November 23, 2024
Column

High-quality health care for Maine’s future

Perhaps you recall some of the key findings and the call to action of last year’s Brookings report, “Charting Maine’s Future.” To be successfully positioned for future prosperity, Maine must: push innovation, embrace efforts to reduce spending and support sustainable prosperity and produce savings through efficient delivery of service.

In another report “Access Granted,” released earlier this week by the National Association of Community Health Centers and the Robert Graham Center, researchers found that medical expenses for Community Health Center patients are 41 percent lower compared to patients seen elsewhere. The lower costs are attributed to these health centers’ patient-centered care and high quality, both of which improve patient outcomes and reduce the reliance on overburdened emergency rooms.

Community Health Centers also produce these savings through efficient delivery of service. CHCs effectively co-locate multiple services in a single medical home, affording patients a one-stop shop for primary care, mental health, and, increasingly, dental care. For example, Maine’s CHCs have increased dental access by 450 percent over the last five years, eradicating wait lists for dental care in some areas of the state. Clearly there is more to be done given the unfortunate prevalence of dental disease in Maine, and health centers are continuing to respond to their community needs.

A significant contributing factor to CHC response to local needs is the CHC model itself: Community Health Centers are required to be governed by a patient-controlled board that is independent from outside influence and responsive to community health concerns. Established in locations serving medically underserved areas and populations, health centers provide access to expanded services for all patients. Moreover, health centers augment partnerships with area social service agencies and invest their own limited budgets to outreach, transportation and other types of health connector services. Last year, this investment was every one in $26 of health center revenue, an impressive commitment when considering that all told, Maine CHCs shouldered a statewide deficit of $2 million.

Despite the lack of any financial margin, Maine Community Health Centers lead efforts to reduce total health care spending and support sustainable prosperity. Maine health centers account for less than 1 percent of statewide health care spending, and yet provide access to care for 15 percent of the state’s populace, a number that has more than doubled in five years even while the percentage of total health care spending has remained constant.

Moreover, for every dollar invested in Maine CHCs, there are $3.05 in savings to MaineCare, and similar savings accrue to other payers as well, mostly through the avoidance of more expensive downstream costs. For instance, CHCs have been shown to reduce what should be avoidable hospitalizations by 22 percent. Yet we still have a ways to go in our state with more than $105 million in costs for avoidable trips to the emergency room.

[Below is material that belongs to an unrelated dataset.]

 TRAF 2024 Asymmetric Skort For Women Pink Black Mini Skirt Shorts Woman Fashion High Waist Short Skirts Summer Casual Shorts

Maine Community Health Centers also lead innovation in health care. In addition to the integrated medical home mentioned above, CHCs in Maine were the first in the state to adopt and apply the Planned Care Model. Now, all of Maine’s Community Health Centers are on track to have incorporated this patient-centered approach to high quality care within their practices by 2008. Furthermore, by the end of the year, 70 percent of CHCs will have instituted an electronic medical record within the primary care medical home, a wise use of available technology that increases clinician access to information, and reduces the opportunity for error by making patient information, lab results and medication history more accessible at the point and time of care.

The Brookings report finding that Maine spends 95 percent more on health care than the rural average is a testament to both the desire for high quality health care (Maine consistently ranks in the top three states for our quality of health care) and also the collective inefficient use of resources across Maine. As documented in “Access Granted,” CHCs are making great strides to increase the efficiency of service delivery while also further raising the quality of care. The challenge before us is to further develop the model to: build further upon the efficient integration of mental health in the Community Health Center setting; increase dental access further across the network of CHC medical homes and continue to target chronic disease prevention and effective treatment and provide care management services to patients with chronic ailments such as diabetes, cardiovascular disease, depression, cancer, respiratory disease and asthma.

We must also expand access to the patient-centered care of CHCs to even greater numbers of Maine residents – particularly those who otherwise would not have a medical home, whether or not they have coverage of some sort; work across health care settings – including hospitals and long term care facilities – to reduce readmission rates and inappropriate emergency room use; and invest further in patient self-management strategies that leverage the innate self-sufficiency and independence for which the people of Maine are famous.

This is a tall order, but a necessary one for us as a state to maintain our rightful insistence on high quality of care, while at the same time reducing our total health care costs through improved health and smarter utilization of well distributed and accessible services. Maine’s Community Health Centers provide just such a model.

Kevin Lewis is the executive director of the Maine Primary Care Association.